▶ [RECORDED DATA]:
—————

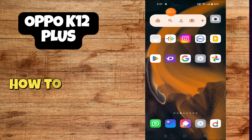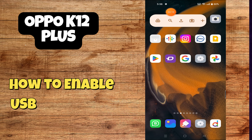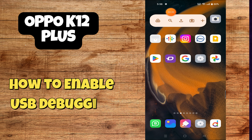Hey everyone, in this tutorial I will tell you how to fix USB debugging and how to enable USB debugging in Oppo K12 Plus. Before moving to this video, please subscribe for more videos and watch the complete video, also press the bell icon. Now let's start our video without wasting any time.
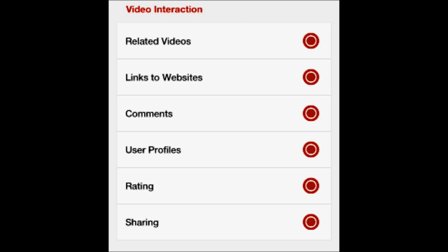You could restrict your child to only viewing channels that you've set up on YouTube. You can actually set up a playlist of your own and put their favorite videos in it, and then they would only be able to see those videos. Or you can actually subscribe to channels like the Disney Channel, and then whenever they publish new videos they would automatically show up on Jasmine.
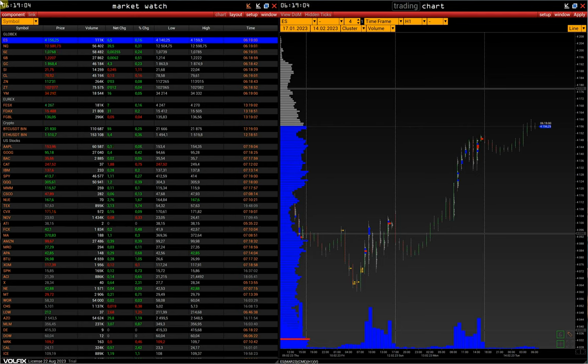All other settings, like chart colors, options, and window sets, are saved in the layout.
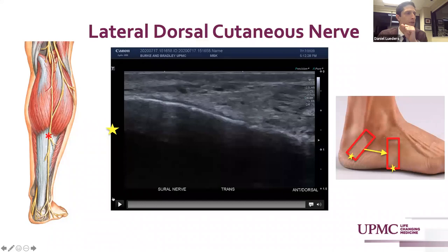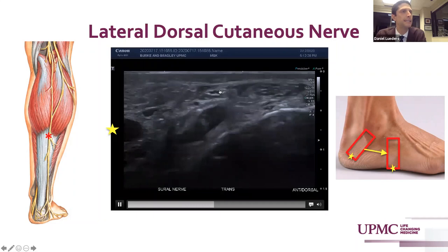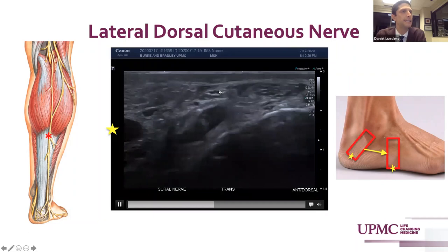At the foot it becomes the lateral dorsal cutaneous nerve of the foot. It courses superficial to your peroneus longus and brevis tendons — we see it going superficial to the longus and then superficial to the brevis. This is a possible site of neuritis, perhaps if there's a peroneal tendinosis or tenosynovitis and inflammation.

—————

▶ [ACTIVITY]:
Your answer should reproduce every line of the data verbatim and include no images.

▶ [RESPONSE BELOW]:
Hey everyone, in this tutorial I will tell you how to fix USB debugging and how to enable USB debugging in Oppo K12 Plus. Before moving to this video, please subscribe for more videos and watch the complete video, also press the bell icon. Now let's start our video without wasting any time.
You could restrict your child to only viewing channels that you've set up on YouTube. You can actually set up a playlist of your own and put their favorite videos in it, and then they would only be able to see those videos. Or you can actually subscribe to channels like the Disney Channel, and then whenever they publish new videos they would automatically show up on Jasmine.
All other settings, like chart colors, options, and window sets, are saved in the layout.
At the foot it becomes the lateral dorsal cutaneous nerve of the foot. It courses superficial to your peroneus longus and brevis tendons — we see it going superficial to the longus and then superficial to the brevis. This is a possible site of neuritis, perhaps if there's a peroneal tendinosis or tenosynovitis and inflammation.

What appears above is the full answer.